Hi Billy,
The underlying methodologies of salmon and sailfish are significantly different. The mapping % reported by salmon is a true mapping percentage based on the underlying fragments (i.e. reads, or read pairs in the case of paired-end data). The mapping % reported by sailfish is a (highly-conservative) estimate of the mapping rate that is based on extrapolating the fraction of mapping k-mers to fragments. This is almost always a vast under-estimate of the "effective" mapping rate (this is a calculation that we've been meaning to change for a while and we'll probably get around to it very soon --- as soon as the salmon pre-print is out). This means that the amount of information being used by sailfish is likely substantially more than is indicated by the reported mapping %.

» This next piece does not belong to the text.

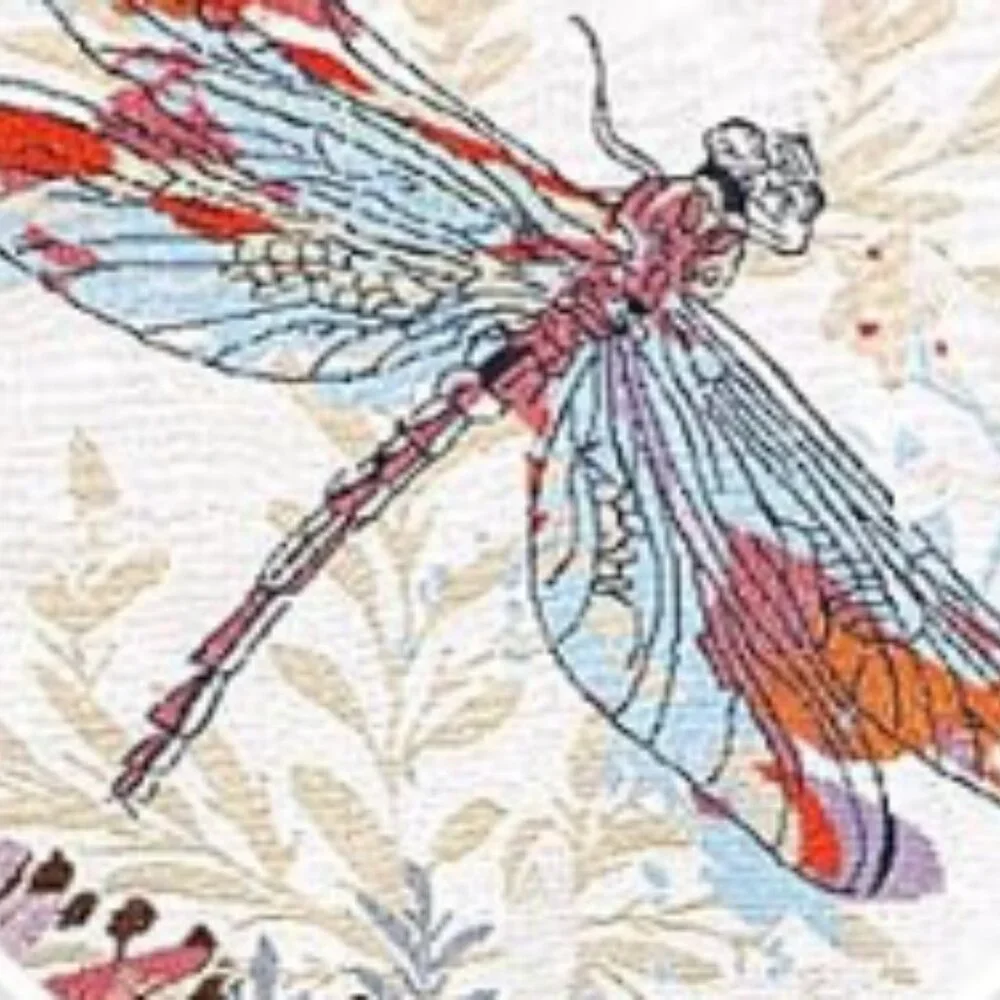 Vintage Dragonfly Blanket Sofa Throw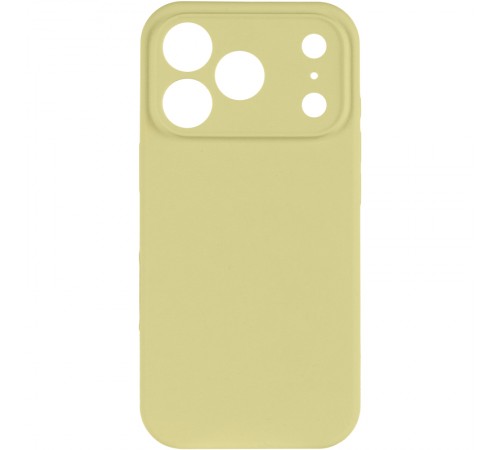Чохол Silk Full Camera Protective (AA) NO LOGO для Apple iPhone 17 Pro Max (6.9") Жовтий / Mellow Yellow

However, that being said, we've developed salmon because we believe the underlying approach and methodology improves upon that of sailfish (e.g. as you mention, the -c and -k parameters, enabled by our novel approach to lightweight-alignment, provide a level of versatility not possible in sailfish). We plan to have a pre-print for salmon out very soon. However, for the time being, you can cite the Sailfish paper and mention the tool along the lines of "quantification was performed with Salmon (the successor to Sailfish [cite SF paper])". This is what we've done so far in pre-prints and manuscripts of ours that make use of salmon.